» **Excerpted data**:
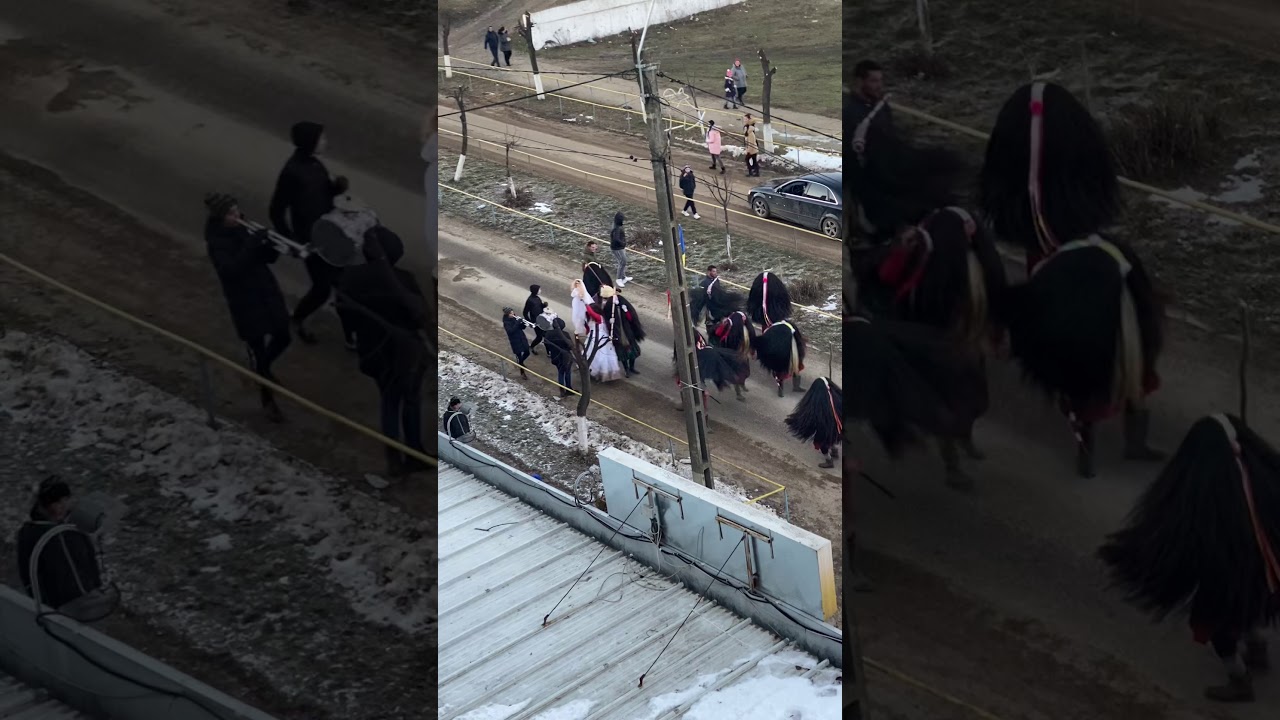 Tradiții Belcesti 2019-2020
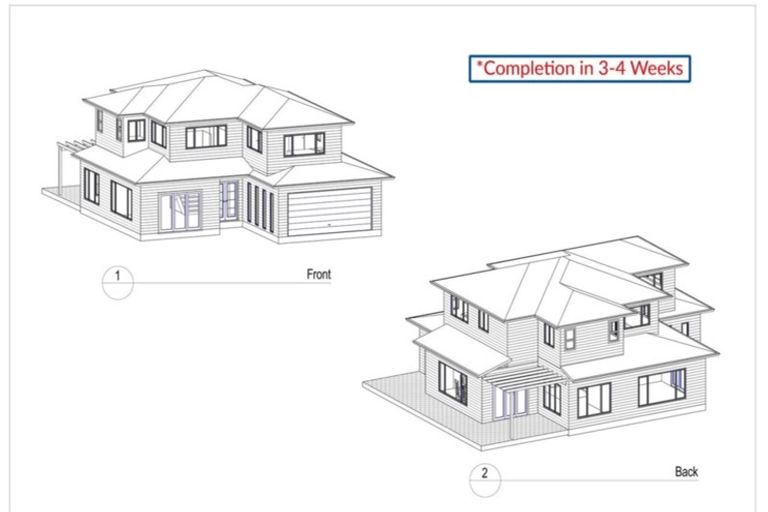 Photo of property in 30 Papareia Road, Karaka, Papakura, 2113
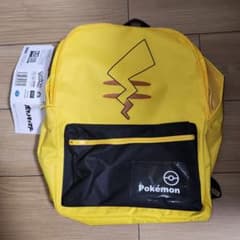 ポケットモンスター ピカチュウ リュックサックのサムネイル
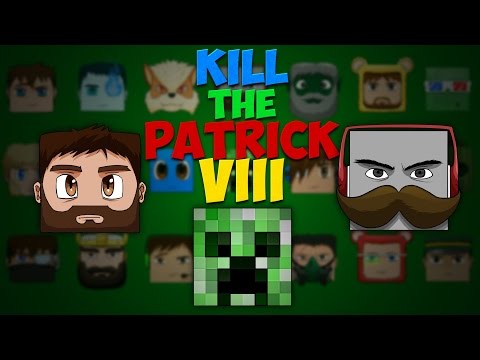 Kill The Patrick S8E01 - Team GRTV : Le retour !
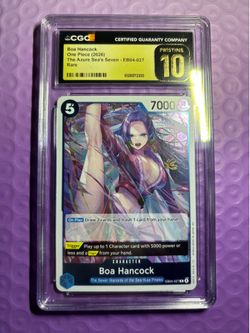 Boa Hancock Pristine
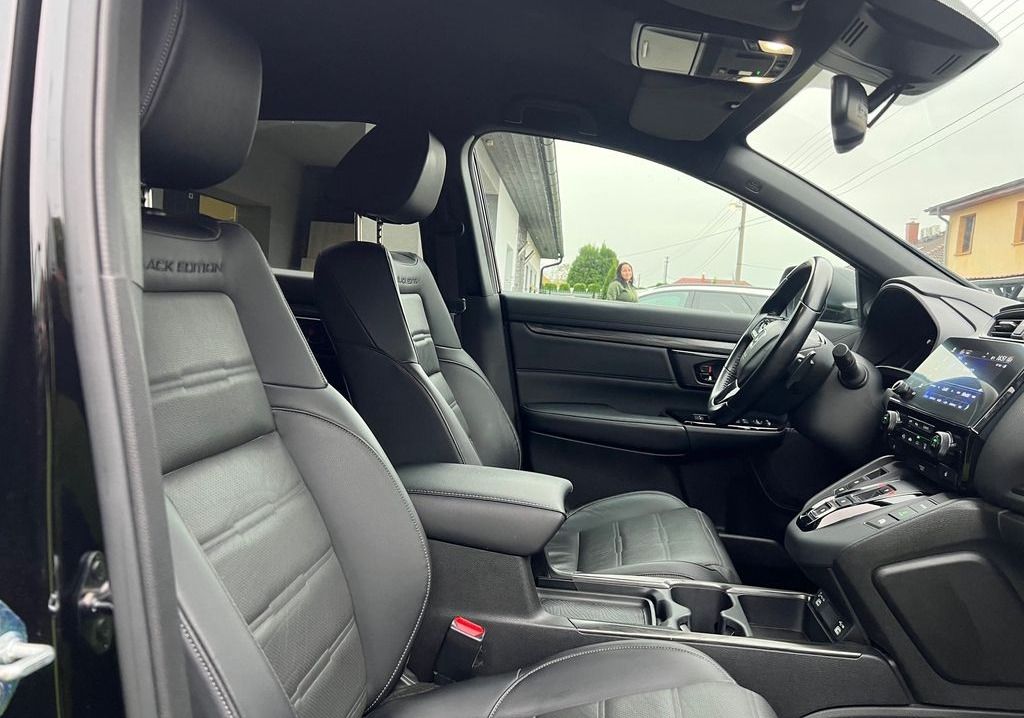 Honda CR-V, 4x4 Sportline - fotka 4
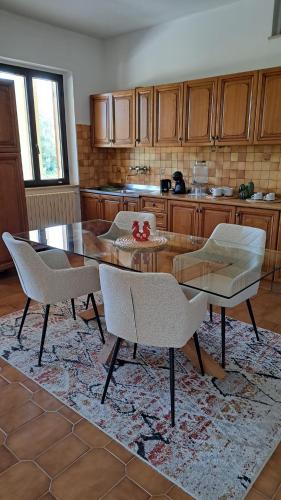 Villa Tiberina - Locazione Turistica in Porchiano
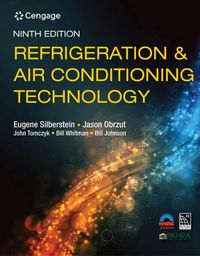 Produktbild: Refrigeration & Air Conditioning Technology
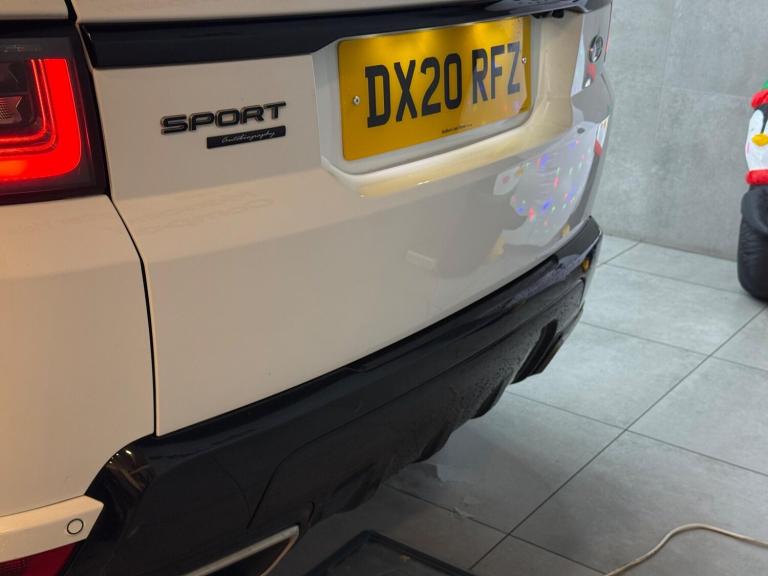 2020 Land Rover Range Rover Sport 3.0 SD V6 Autobiography Dynamic Auto 4WD Euro 6 (s/s) 5dr ESTAT...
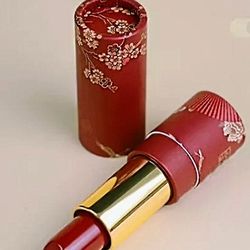 (40) NEW  EMPTY PAPER  LIPSTICK TUBES FOR DIY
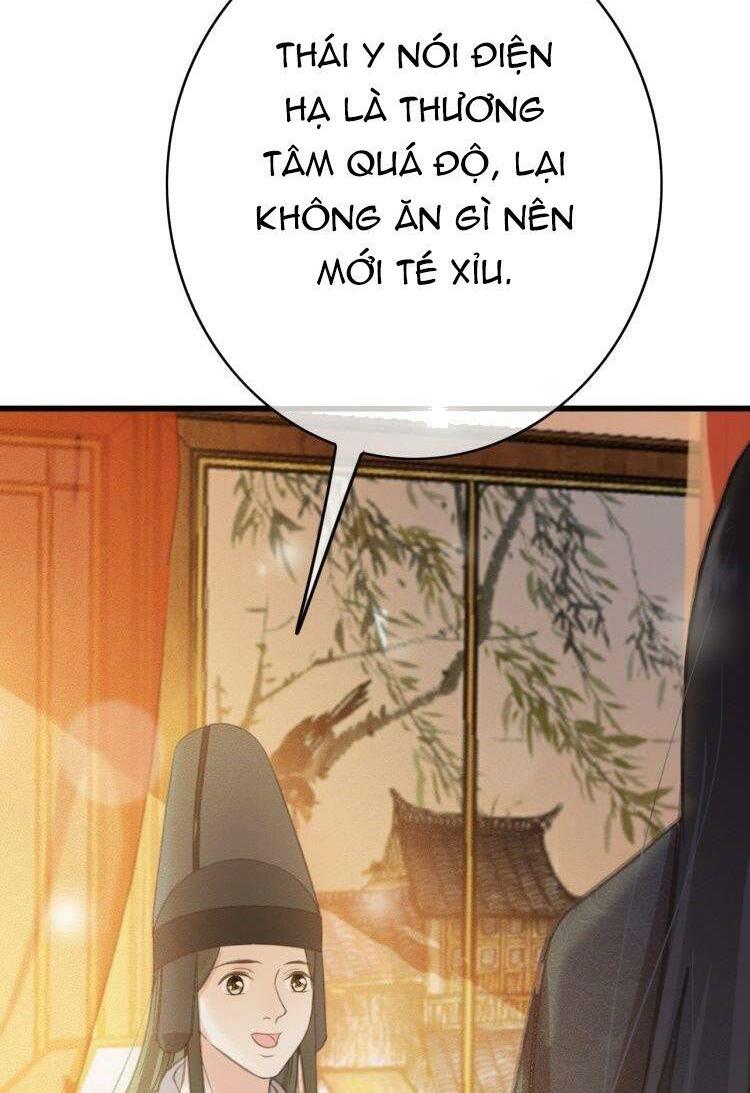 Đông Cung Giai Hạ Tù Chapter 64 26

» **What you have to do**: Give back every record above word for word; the pictures have no place in it.

» **Answer section**:
 Tradiții Belcesti 2019-2020
 Photo of property in 30 Papareia Road, Karaka, Papakura, 2113
 ポケットモンスター ピカチュウ リュックサックのサムネイル
 Kill The Patrick S8E01 - Team GRTV : Le retour !
 Boa Hancock Pristine
 Honda CR-V, 4x4 Sportline - fotka 4
 Villa Tiberina - Locazione Turistica in Porchiano
 Produktbild: Refrigeration & Air Conditioning Technology
 2020 Land Rover Range Rover Sport 3.0 SD V6 Autobiography Dynamic Auto 4WD Euro 6 (s/s) 5dr ESTAT...
 (40) NEW  EMPTY PAPER  LIPSTICK TUBES FOR DIY
 Đông Cung Giai Hạ Tù Chapter 64 26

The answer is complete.